# [Task details]
Each line below from the one containing "27 Granite Ct, Cripple" through the one containing "Native Daisies Gift of Seeds - Image 8" should be output exactly as it stands, and no other line should appear.

Dataset records section start

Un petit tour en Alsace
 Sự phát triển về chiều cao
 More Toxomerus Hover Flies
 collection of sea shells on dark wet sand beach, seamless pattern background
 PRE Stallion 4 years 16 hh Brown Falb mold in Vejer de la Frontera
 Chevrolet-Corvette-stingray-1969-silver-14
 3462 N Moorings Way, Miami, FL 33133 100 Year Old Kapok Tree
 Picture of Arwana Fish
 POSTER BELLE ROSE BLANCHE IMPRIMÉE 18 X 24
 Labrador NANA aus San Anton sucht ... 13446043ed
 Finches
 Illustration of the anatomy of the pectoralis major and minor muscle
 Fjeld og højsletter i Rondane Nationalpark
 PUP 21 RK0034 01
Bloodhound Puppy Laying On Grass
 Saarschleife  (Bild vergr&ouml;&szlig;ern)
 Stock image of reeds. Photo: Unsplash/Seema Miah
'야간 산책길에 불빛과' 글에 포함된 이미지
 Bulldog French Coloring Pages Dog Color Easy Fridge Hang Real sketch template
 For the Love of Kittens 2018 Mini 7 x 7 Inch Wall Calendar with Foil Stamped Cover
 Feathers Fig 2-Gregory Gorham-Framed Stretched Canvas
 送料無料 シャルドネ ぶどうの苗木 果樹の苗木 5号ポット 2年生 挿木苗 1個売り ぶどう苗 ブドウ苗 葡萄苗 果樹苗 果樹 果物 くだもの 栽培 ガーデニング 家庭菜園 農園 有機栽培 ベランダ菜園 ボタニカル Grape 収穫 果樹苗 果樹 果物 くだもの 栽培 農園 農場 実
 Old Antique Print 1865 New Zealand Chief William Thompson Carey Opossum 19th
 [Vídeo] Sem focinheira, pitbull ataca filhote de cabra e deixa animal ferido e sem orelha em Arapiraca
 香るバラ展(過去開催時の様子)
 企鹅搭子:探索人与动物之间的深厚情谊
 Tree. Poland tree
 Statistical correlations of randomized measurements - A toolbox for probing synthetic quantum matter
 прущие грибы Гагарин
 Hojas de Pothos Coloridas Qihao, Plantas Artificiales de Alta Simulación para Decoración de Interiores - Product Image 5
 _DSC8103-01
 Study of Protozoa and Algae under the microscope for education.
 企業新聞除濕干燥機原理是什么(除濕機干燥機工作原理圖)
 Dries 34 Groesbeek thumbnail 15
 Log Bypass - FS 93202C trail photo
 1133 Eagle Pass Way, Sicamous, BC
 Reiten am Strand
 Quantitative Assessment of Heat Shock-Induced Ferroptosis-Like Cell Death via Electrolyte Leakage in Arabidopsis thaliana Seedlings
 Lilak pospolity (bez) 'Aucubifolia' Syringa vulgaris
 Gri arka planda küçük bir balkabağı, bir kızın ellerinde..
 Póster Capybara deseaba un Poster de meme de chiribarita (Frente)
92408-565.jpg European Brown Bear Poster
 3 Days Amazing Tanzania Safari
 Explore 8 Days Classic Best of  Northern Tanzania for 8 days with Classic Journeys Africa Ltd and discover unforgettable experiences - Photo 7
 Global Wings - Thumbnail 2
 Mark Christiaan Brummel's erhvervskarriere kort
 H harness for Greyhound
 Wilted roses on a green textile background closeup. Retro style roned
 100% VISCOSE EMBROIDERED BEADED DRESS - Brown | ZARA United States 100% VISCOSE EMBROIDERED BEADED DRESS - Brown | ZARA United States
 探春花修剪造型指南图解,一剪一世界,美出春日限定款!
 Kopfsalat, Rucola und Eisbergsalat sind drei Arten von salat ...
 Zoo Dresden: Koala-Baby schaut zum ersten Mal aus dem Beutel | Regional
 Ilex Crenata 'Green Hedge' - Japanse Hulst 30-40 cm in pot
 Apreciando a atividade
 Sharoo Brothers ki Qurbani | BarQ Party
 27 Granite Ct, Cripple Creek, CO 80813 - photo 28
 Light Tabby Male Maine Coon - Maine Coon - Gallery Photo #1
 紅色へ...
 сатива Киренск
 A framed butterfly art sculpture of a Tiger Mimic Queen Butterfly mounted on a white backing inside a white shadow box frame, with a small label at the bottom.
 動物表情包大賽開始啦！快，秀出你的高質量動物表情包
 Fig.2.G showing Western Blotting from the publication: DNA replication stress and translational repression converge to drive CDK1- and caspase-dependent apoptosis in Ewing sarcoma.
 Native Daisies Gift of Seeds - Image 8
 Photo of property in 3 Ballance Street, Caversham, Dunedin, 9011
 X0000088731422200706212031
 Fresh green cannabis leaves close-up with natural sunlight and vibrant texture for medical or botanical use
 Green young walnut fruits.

Dataset records section end

# [Expected answer]
 27 Granite Ct, Cripple Creek, CO 80813 - photo 28
 Light Tabby Male Maine Coon - Maine Coon - Gallery Photo #1
 紅色へ...
 сатива Киренск
 A framed butterfly art sculpture of a Tiger Mimic Queen Butterfly mounted on a white backing inside a white shadow box frame, with a small label at the bottom.
 動物表情包大賽開始啦！快，秀出你的高質量動物表情包
 Fig.2.G showing Western Blotting from the publication: DNA replication stress and translational repression converge to drive CDK1- and caspase-dependent apoptosis in Ewing sarcoma.
 Native Daisies Gift of Seeds - Image 8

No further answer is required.